_Problem to work on_.
Print the records exactly as written, and let no picture into the answer.

_Available records_.
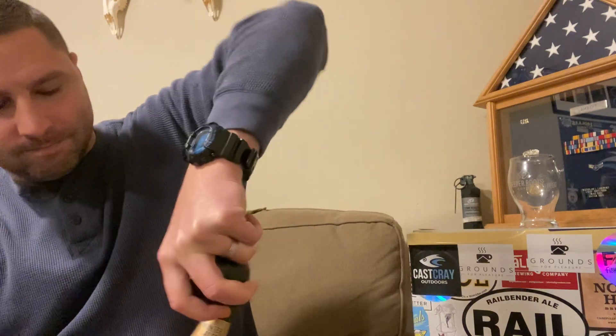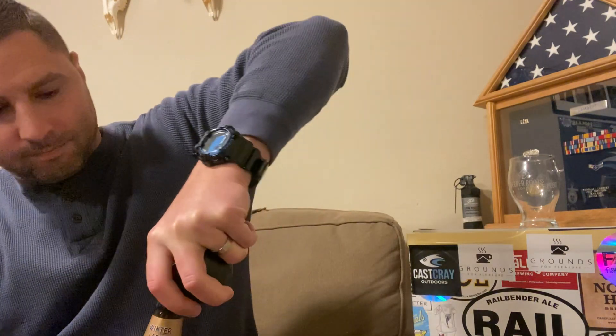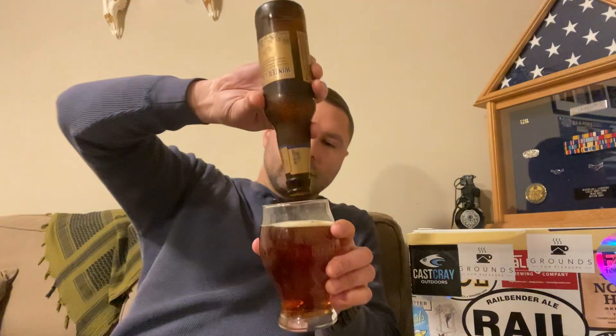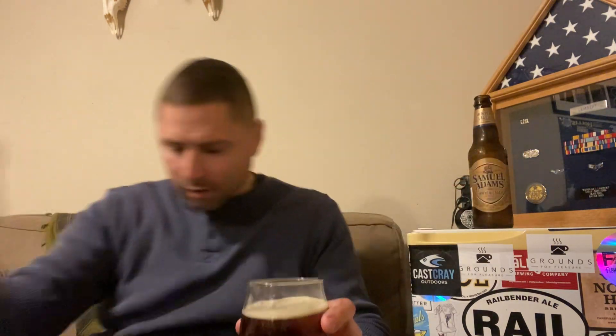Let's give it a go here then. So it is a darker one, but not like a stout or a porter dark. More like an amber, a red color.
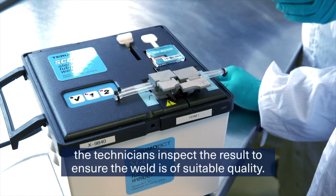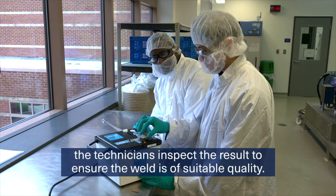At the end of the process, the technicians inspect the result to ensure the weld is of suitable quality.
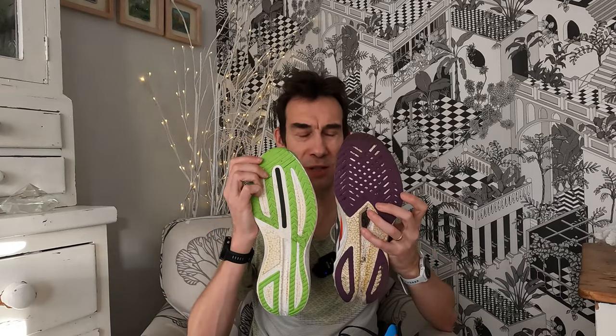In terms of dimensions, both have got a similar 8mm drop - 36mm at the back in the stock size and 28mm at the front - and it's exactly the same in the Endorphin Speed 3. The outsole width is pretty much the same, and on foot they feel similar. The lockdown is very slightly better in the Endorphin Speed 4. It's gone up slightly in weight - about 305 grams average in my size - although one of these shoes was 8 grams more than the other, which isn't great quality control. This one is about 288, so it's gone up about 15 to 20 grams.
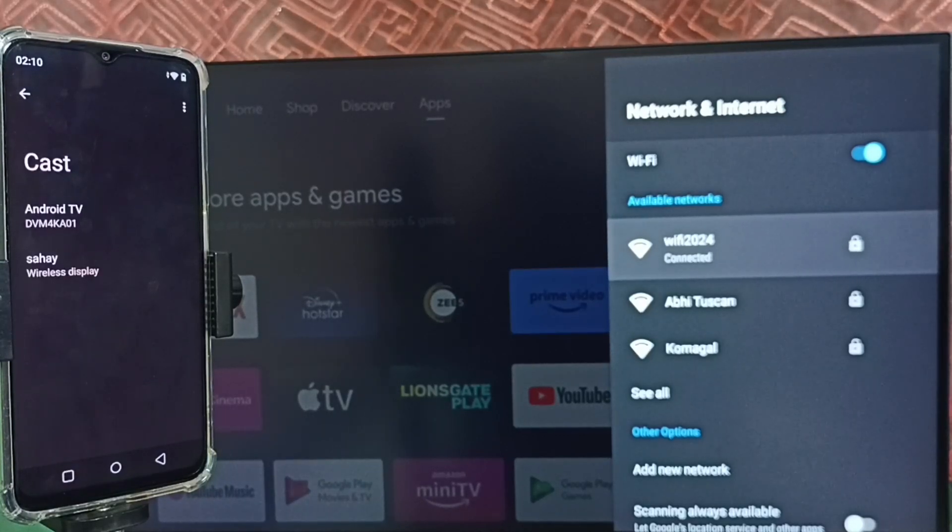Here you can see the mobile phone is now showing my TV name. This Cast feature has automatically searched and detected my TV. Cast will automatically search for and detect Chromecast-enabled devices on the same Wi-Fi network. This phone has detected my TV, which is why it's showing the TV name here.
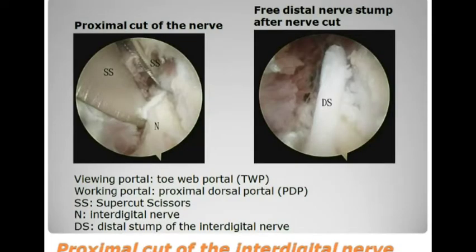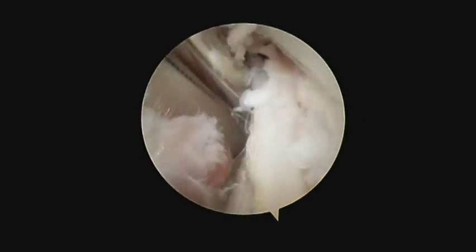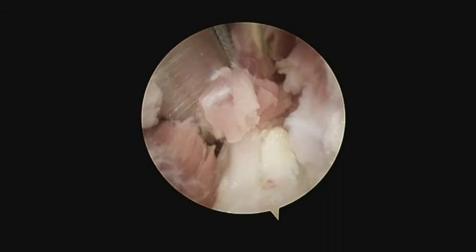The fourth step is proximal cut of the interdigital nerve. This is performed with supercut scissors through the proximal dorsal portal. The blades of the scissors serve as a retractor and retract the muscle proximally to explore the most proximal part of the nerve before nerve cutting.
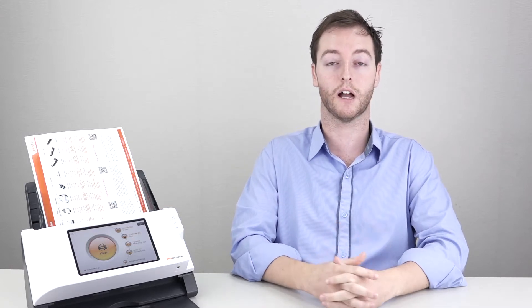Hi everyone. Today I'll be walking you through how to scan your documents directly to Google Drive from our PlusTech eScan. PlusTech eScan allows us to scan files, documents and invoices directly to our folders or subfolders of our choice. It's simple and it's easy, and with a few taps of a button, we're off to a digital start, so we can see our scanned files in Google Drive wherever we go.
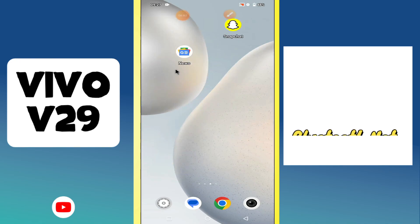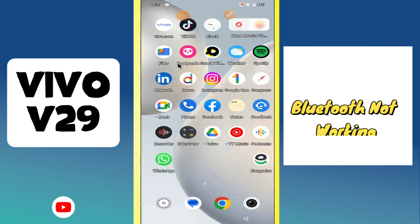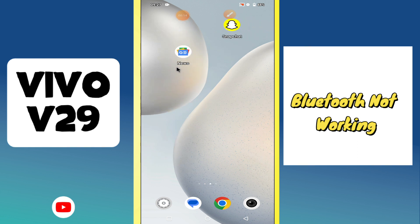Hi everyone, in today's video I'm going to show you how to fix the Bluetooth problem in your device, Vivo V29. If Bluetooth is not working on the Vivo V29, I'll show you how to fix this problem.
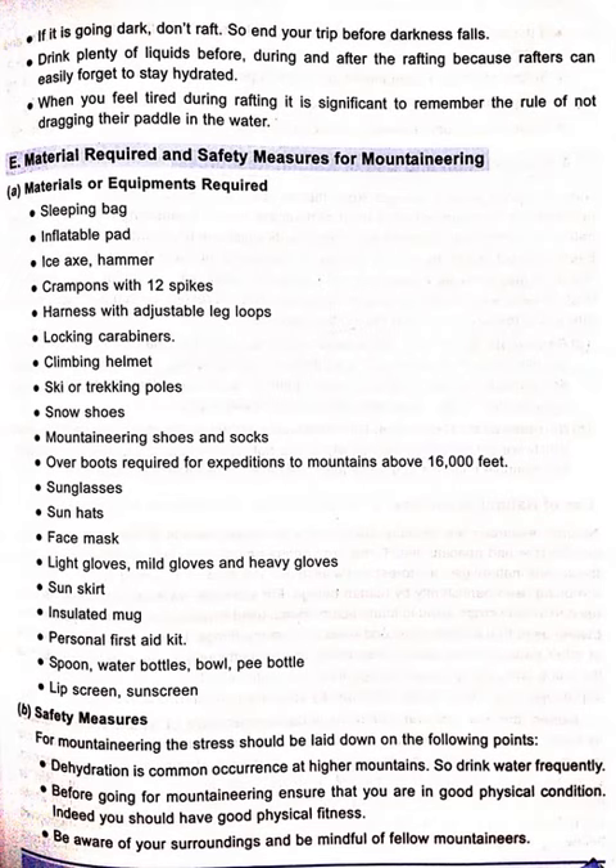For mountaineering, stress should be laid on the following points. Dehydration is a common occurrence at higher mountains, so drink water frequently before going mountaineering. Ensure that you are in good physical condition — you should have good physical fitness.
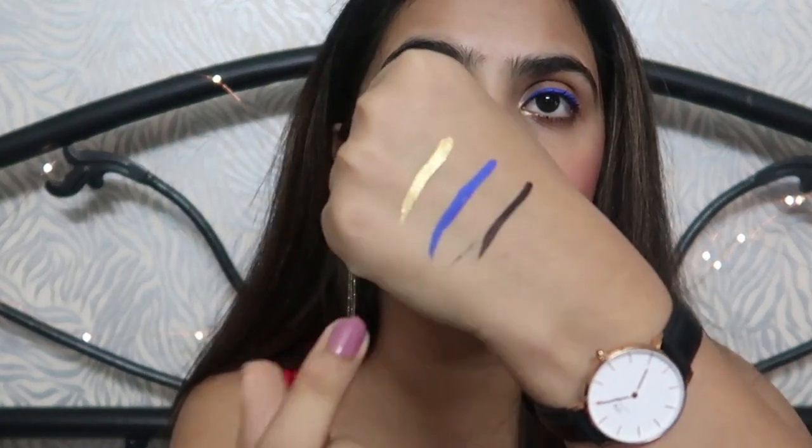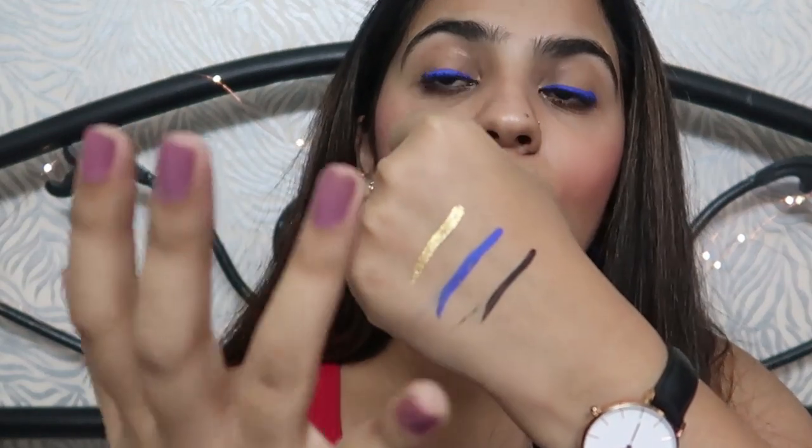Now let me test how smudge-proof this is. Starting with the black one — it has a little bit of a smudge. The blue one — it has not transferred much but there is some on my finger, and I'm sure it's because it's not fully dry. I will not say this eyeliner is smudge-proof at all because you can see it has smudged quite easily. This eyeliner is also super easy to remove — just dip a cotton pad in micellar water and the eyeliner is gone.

_Your solution_.
Let's give it a go here then. So it is a darker one, but not like a stout or a porter dark. More like an amber, a red color.
At the end of the process, the technicians inspect the result to ensure the weld is of suitable quality.
In terms of dimensions, both have got a similar 8mm drop - 36mm at the back in the stock size and 28mm at the front - and it's exactly the same in the Endorphin Speed 3. The outsole width is pretty much the same, and on foot they feel similar. The lockdown is very slightly better in the Endorphin Speed 4. It's gone up slightly in weight - about 305 grams average in my size - although one of these shoes was 8 grams more than the other, which isn't great quality control. This one is about 288, so it's gone up about 15 to 20 grams.
Here you can see the mobile phone is now showing my TV name. This Cast feature has automatically searched and detected my TV. Cast will automatically search for and detect Chromecast-enabled devices on the same Wi-Fi network. This phone has detected my TV, which is why it's showing the TV name here.
The fourth step is proximal cut of the interdigital nerve. This is performed with supercut scissors through the proximal dorsal portal. The blades of the scissors serve as a retractor and retract the muscle proximally to explore the most proximal part of the nerve before nerve cutting.
Hi everyone. Today I'll be walking you through how to scan your documents directly to Google Drive from our PlusTech eScan. PlusTech eScan allows us to scan files, documents and invoices directly to our folders or subfolders of our choice. It's simple and it's easy, and with a few taps of a button, we're off to a digital start, so we can see our scanned files in Google Drive wherever we go.
Hi everyone, in today's video I'm going to show you how to fix the Bluetooth problem in your device, Vivo V29. If Bluetooth is not working on the Vivo V29, I'll show you how to fix this problem.
For mountaineering, stress should be laid on the following points. Dehydration is a common occurrence at higher mountains, so drink water frequently before going mountaineering. Ensure that you are in good physical condition — you should have good physical fitness.
Now let me test how smudge-proof this is. Starting with the black one — it has a little bit of a smudge. The blue one — it has not transferred much but there is some on my finger, and I'm sure it's because it's not fully dry. I will not say this eyeliner is smudge-proof at all because you can see it has smudged quite easily. This eyeliner is also super easy to remove — just dip a cotton pad in micellar water and the eyeliner is gone.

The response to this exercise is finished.